[Intel-gfx] [RFC PATCH 04/20] drm/i915: Transform context WAs into static tables
Oscar Mateo
oscar.mateo at intel.com
Mon Nov 6 18:54:04 UTC 2017
On 11/06/2017 03:59 AM, Joonas Lahtinen wrote:
> On Fri, 2017-11-03 at 11:09 -0700, Oscar Mateo wrote:
>> This is for WAs that need to touch registers that get saved/restored
>> together with the logical context. The idea is that WAs are "pretty"
>> static, so a table is more declarative than a programmatic approah.
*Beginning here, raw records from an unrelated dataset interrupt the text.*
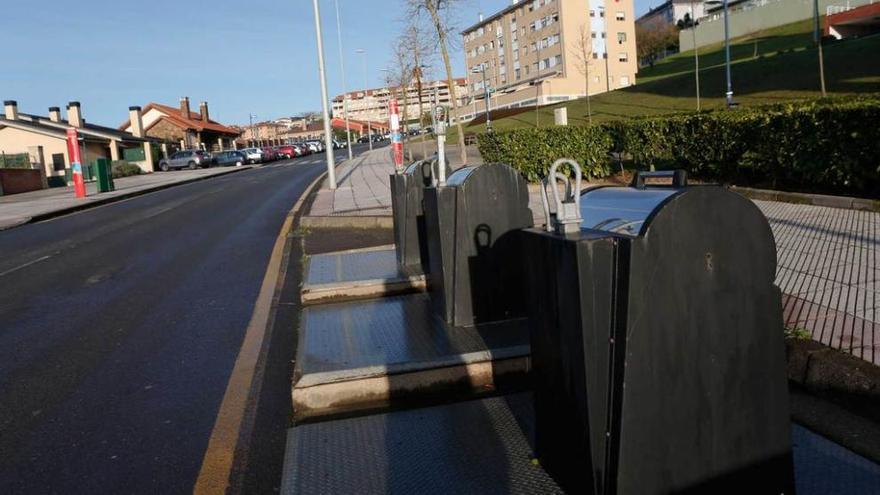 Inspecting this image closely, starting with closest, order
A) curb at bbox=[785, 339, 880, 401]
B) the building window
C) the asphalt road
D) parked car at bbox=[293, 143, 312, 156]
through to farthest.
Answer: the asphalt road < curb at bbox=[785, 339, 880, 401] < the building window < parked car at bbox=[293, 143, 312, 156]

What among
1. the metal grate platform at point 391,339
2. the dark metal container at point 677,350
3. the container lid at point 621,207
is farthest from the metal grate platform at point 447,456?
the container lid at point 621,207

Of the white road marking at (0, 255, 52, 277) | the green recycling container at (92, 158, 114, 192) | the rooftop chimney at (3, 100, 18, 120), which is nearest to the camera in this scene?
the white road marking at (0, 255, 52, 277)

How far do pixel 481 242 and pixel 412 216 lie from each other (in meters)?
2.11

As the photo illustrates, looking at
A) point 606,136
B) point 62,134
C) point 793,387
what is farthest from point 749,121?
point 62,134

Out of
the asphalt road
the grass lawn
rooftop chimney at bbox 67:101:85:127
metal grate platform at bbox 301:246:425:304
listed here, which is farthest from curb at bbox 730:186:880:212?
rooftop chimney at bbox 67:101:85:127

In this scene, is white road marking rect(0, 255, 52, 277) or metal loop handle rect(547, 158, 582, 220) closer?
metal loop handle rect(547, 158, 582, 220)

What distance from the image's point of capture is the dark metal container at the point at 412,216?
6598 millimetres

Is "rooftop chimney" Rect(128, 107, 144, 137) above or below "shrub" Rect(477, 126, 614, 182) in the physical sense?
above

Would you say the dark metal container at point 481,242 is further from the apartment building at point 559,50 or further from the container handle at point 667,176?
the apartment building at point 559,50

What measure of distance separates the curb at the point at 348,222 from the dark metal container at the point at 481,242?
6739 mm

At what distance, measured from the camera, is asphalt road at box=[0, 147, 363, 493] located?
3.55m

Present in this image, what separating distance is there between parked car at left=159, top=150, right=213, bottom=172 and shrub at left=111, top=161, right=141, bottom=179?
13.3ft

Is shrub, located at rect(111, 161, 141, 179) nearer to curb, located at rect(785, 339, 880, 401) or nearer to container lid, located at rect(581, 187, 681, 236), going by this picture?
curb, located at rect(785, 339, 880, 401)

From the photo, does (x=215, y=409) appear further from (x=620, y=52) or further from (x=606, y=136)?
(x=620, y=52) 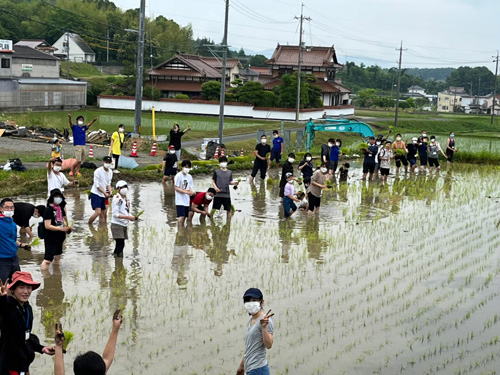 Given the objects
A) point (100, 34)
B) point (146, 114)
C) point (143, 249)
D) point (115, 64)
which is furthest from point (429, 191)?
point (100, 34)

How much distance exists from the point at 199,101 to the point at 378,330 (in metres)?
45.3

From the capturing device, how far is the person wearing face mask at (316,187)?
17.0 m

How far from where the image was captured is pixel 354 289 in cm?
1157

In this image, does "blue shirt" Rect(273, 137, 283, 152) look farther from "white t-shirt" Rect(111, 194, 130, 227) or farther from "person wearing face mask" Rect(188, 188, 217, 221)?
"white t-shirt" Rect(111, 194, 130, 227)

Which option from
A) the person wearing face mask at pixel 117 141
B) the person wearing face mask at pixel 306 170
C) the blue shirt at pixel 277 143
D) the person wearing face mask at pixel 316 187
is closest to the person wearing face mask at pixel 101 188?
the person wearing face mask at pixel 316 187

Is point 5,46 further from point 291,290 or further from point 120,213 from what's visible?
point 291,290

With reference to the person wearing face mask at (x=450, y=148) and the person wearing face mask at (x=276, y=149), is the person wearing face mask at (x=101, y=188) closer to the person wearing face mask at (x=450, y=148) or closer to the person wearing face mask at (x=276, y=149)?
the person wearing face mask at (x=276, y=149)

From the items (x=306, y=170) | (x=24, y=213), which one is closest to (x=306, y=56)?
(x=306, y=170)

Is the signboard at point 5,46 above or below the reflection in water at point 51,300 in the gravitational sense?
above

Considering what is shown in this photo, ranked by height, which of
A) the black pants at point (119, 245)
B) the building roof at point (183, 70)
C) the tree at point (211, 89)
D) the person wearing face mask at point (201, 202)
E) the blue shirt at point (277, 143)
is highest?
the building roof at point (183, 70)

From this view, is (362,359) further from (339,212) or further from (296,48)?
(296,48)

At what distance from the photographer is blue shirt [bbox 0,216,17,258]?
29.2ft

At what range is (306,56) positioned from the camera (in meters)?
68.4

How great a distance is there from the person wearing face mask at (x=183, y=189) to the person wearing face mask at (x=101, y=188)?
136 centimetres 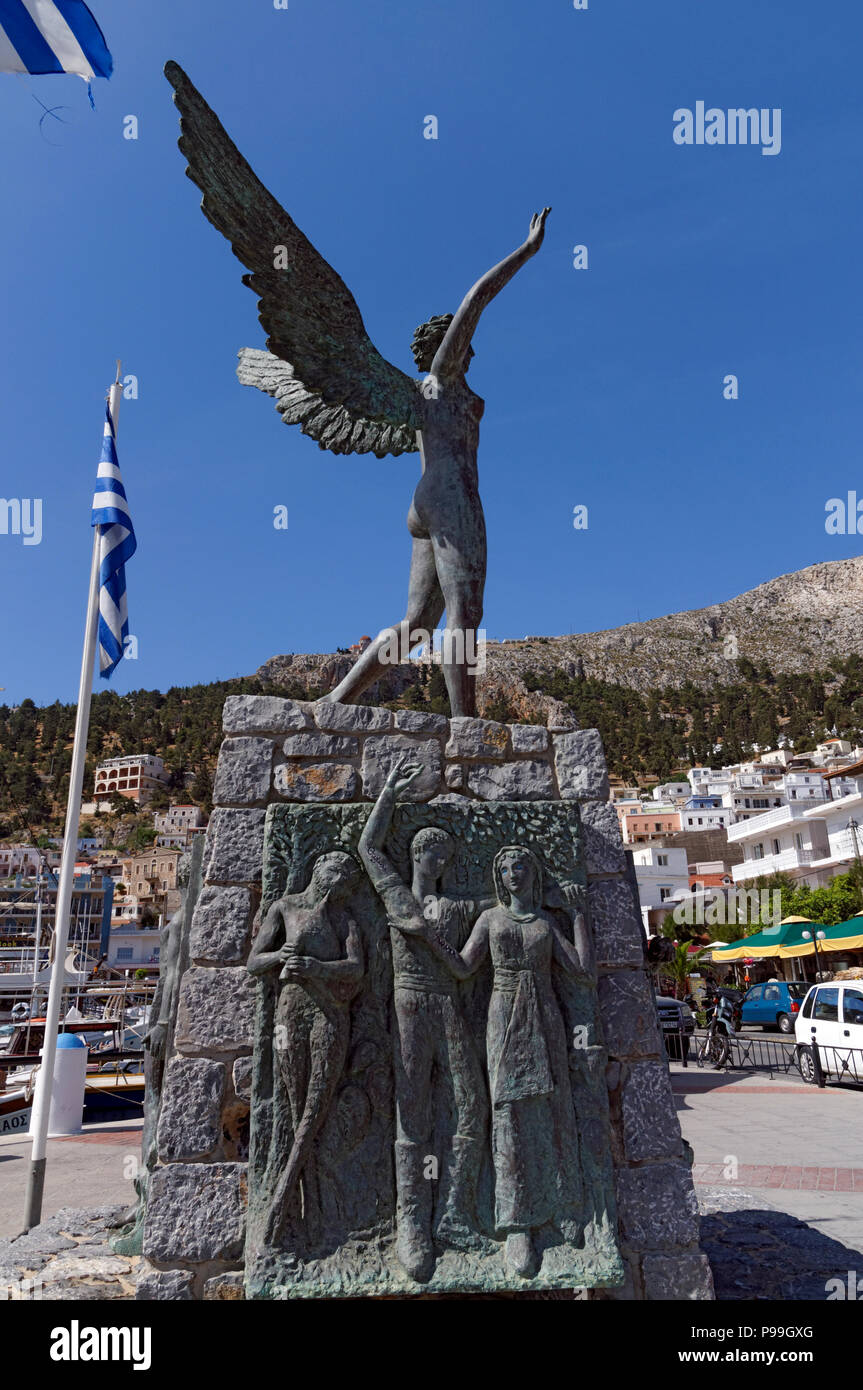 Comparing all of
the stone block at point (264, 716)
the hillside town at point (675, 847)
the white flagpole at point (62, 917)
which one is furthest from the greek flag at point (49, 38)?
the hillside town at point (675, 847)

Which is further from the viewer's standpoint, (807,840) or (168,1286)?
(807,840)

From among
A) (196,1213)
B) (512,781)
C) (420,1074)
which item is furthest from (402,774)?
(196,1213)

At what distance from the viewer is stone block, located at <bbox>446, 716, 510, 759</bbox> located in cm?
383

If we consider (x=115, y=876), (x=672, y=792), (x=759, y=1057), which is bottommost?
(x=759, y=1057)

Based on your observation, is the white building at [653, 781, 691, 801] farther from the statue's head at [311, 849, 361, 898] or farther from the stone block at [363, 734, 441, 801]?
the statue's head at [311, 849, 361, 898]

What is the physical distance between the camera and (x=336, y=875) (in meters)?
3.37

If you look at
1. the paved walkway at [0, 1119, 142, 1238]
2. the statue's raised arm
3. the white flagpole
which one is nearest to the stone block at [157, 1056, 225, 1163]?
the paved walkway at [0, 1119, 142, 1238]

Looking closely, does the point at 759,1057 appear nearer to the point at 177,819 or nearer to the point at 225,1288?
the point at 225,1288

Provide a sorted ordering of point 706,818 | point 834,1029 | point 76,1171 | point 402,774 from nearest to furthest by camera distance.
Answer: point 402,774 < point 76,1171 < point 834,1029 < point 706,818

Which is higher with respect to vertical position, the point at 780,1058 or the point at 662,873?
the point at 662,873

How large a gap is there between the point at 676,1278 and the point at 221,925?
7.08 ft

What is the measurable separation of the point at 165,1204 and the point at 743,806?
219 ft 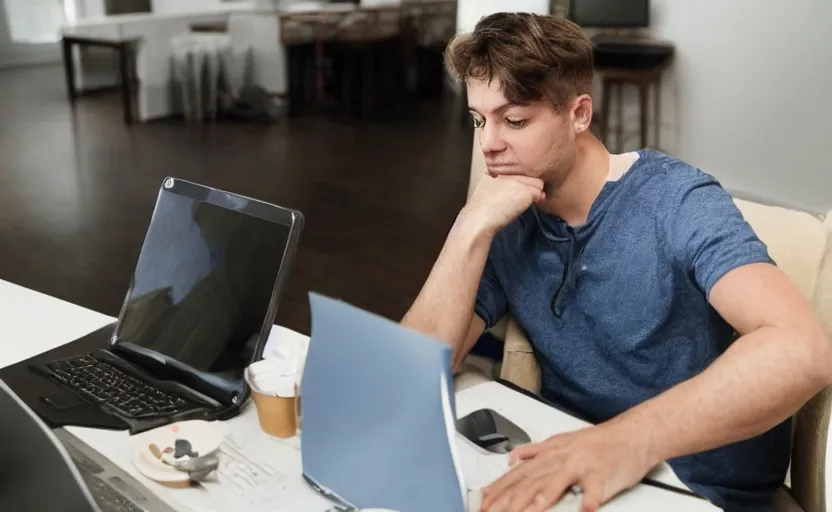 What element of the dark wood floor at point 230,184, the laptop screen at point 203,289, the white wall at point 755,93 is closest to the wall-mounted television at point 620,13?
the white wall at point 755,93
>> Note however that some amount is caching is needed for those things
>> that are dynamic (e.g. things that need some calculation, or have
>> a criteria different than the more obvious GEN + stepping).
>>
>> Also, this makes very explicit which WAs live in the context.
>>
>> Suggested-by: Joonas Lahtinen <joonas.lahtinen at linux.intel.com>
>> Signed-off-by: Oscar Mateo <oscar.mateo at intel.com>
>> Cc: Chris Wilson <chris at chris-wilson.co.uk>
>> Cc: Mika Kuoppala <mika.kuoppala at linux.intel.com>
> <SNIP>
>
>> +struct i915_wa_reg;
>> +
>> +typedef bool (* wa_pre_hook_func)(struct drm_i915_private *dev_priv,
>> + struct i915_wa_reg *wa);
>> +typedef void (* wa_post_hook_func)(struct drm_i915_private *dev_priv,
>> + struct i915_wa_reg *wa);
> To avoid carrying any variables over, how about just apply() hook?
> Also, you don't have to have "_hook" going there, it's tak
>
Not all WAs are applied in the same way: ctx-style workarounds are
emitted as LRI commands to the ring. Do you treat those differently?
>> struct i915_wa_reg {
>> + const char *name;
> We may want some Kconfig option for skipping these.
Sure. But we should try to decide first if we want to store this at all,
like: what do we expect to use this for? is it worth it?
>> + enum wa_type {
>> + I915_WA_TYPE_CONTEXT = 0,
>> + I915_WA_TYPE_GT,
>> + I915_WA_TYPE_DISPLAY,
>> + I915_WA_TYPE_WHITELIST
>> + } type;
>> +
> Any specific reason not to have the gen here too? Then you can have one
> big table, instead of tables of tables. Then the numeric code of a WA
> (position in that table) would be equally identifying it compared to
> the WA name (which is nice to have information, so config time opt-in).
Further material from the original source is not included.